Goodie Mob performed to a packed Tabernacle crowd on Feb. 21. The Atlanta natives played music to a home crowd that was excited to see this family reunion
and nostalgic for classic hip hop hits. The show started slowly with hype man playing popular hip hop classics for an opening act, but reached an appropriate level of raucous when B.O.B and finally the headliner, Goodie Mob, took the stage.
The Goodie family is an Atlanta based act that maybe unfamiliar to many, but they are the founding members of the Atlanta rap scene. With Cee-Lo Goodie of the Gnarls Barkley and Danger Mouse duo and membership in the Dungeon Family collective that also has Outkast and Oraganized Noise as its members, they are talented musicians in good company.

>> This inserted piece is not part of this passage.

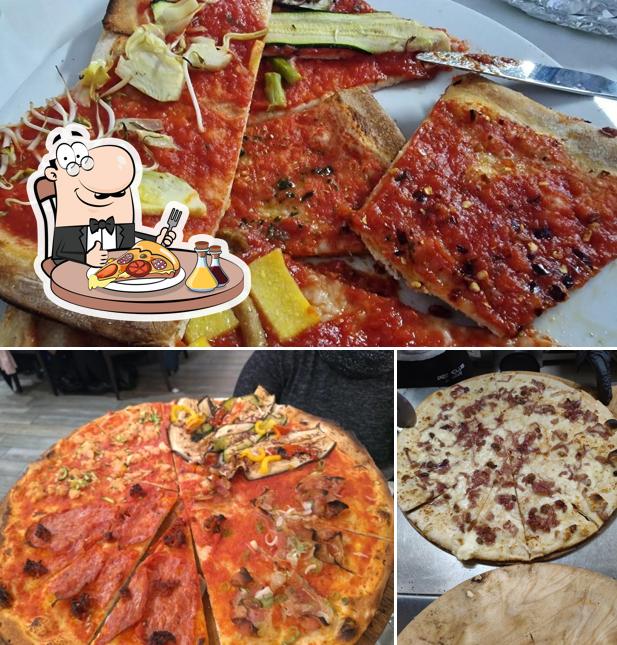 La pizza è il piatto veloce più di successo al mondo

The Goodie Mob consisted of Cee-Lo, Khujo, T-mo and Big Gipp Goodie. They sauntered onto stage in iconic black garb as the rocky theme, “Gonna Fly Now,” played and received a thundering applause.
They started hard with their single “Get Rich to This” from their album World Party, and spit the lyrics with ferocity matching the songs release a decade
ago. “Dirty South,” the song that catalyzed the Atlanta scene. The Tabernacle erupted to this single on their debut album Soul Food. The crowd chanted in harmony as Cee-Lo sang the chorus, “What you know about the Dirty South” with his characteristically gravelly and soulful voice.

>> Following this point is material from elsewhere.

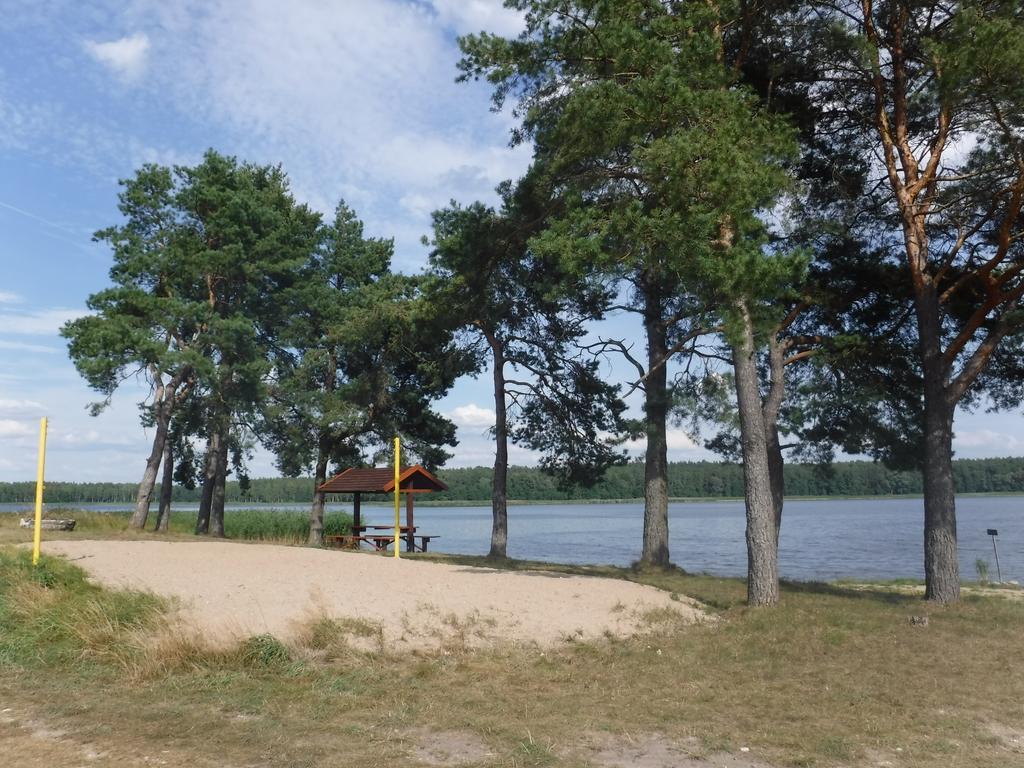 Lodges Zacisze I Гижицко Екстериор снимка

Cee-Lo, who still commanded the attention of the crowd, quickly transitioned and sang the opening verses to “Git Up, Get Out.” This Outkast classic prominently features the duo, but T-mo and Khujo Goodie delivered Andre’s and Big Boi’s lyrics with their own twist. The group performed two more songs from their debut album Soul Food before a short intermission. “Thought Process” is provocative social commentary on life in Atlanta, and it was fan service to
those who purchased the album. The final song before the intermission was “Soul Food,” and it served as a mellow outro.
Goodie Mob emerged from their short intermission in colorful costumes with Gutta Butta background music. The music quickly switched, and the audience
was aurally assaulted with Goodie Mob’s highest charting single “Cell Therapy.” The group followed with fan favorites “Free,” “In Da wind,” “The One” and “Steppin Out.” The tabernacle crowd was presented with a live mash-up of the Goodie classic “They Don’t Dance No Mo” and the rock ballad. Goodie Mob left
everything on stage for their Atlanta fans.

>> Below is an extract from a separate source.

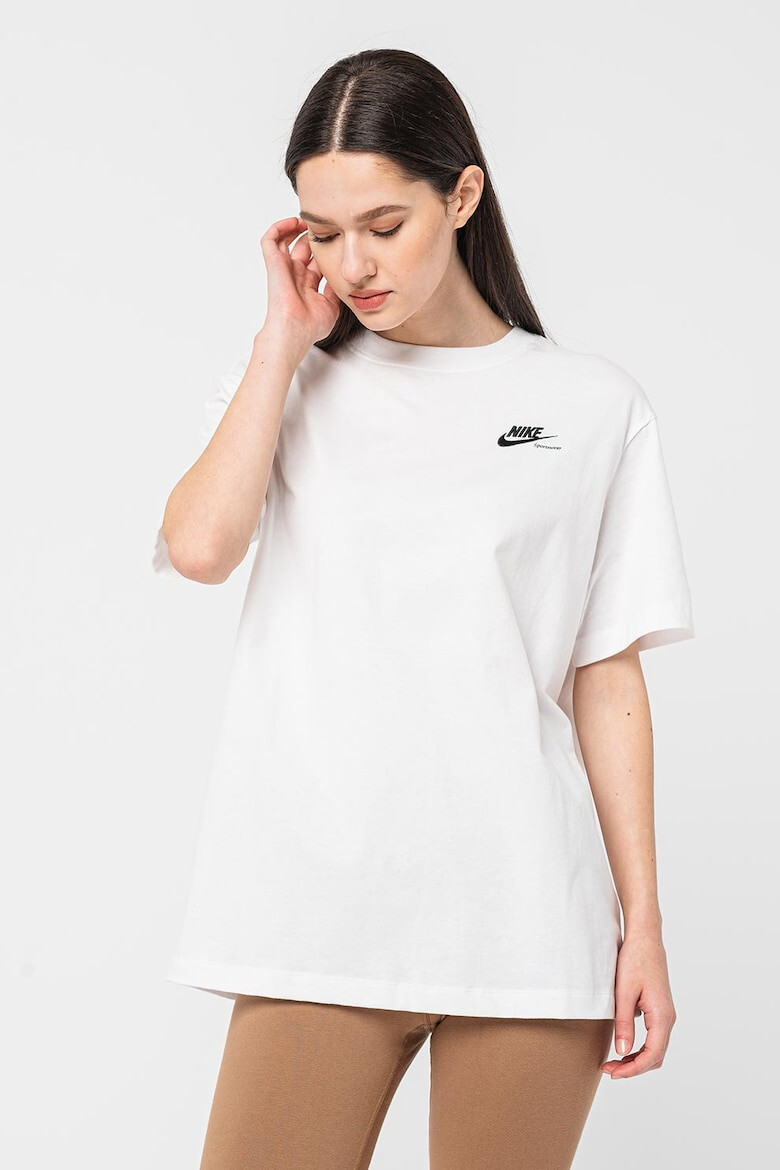 Nike Tricou lejer de bumbac Neuself - Pled.ro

B.O.B., the stage name for Atlanta native, Bobby Ray, surprised the Tabernacle crowd. He performed with authority and extremely high level energy. He act started with fist pump inducing “Feed these Streets,” which describes his discovery of music. This single was followed with the catchy vocoder pop ballad “Satellite.” Bobby Ray used the next song “I’ll Be in the Sky” to introduce
the band and grab another microphone stand. The lights cut to a single spot light on B.O.B. for his performance of the song “Generation Lost,” which serves as autobiographical commentary on the rap game. He then grabbed a guitar
from the back of the stage and started hammering out chords. B.O.B. transitioned from hip-hop to alt-rock.
B.O.B. and Goodie Mob demonstrated that Atlanta music still has a lot of variety. B.O.B.’s performance left a lasting impression and garnered him new fans. Goodie Mob showed that they can still hype a crowd at home.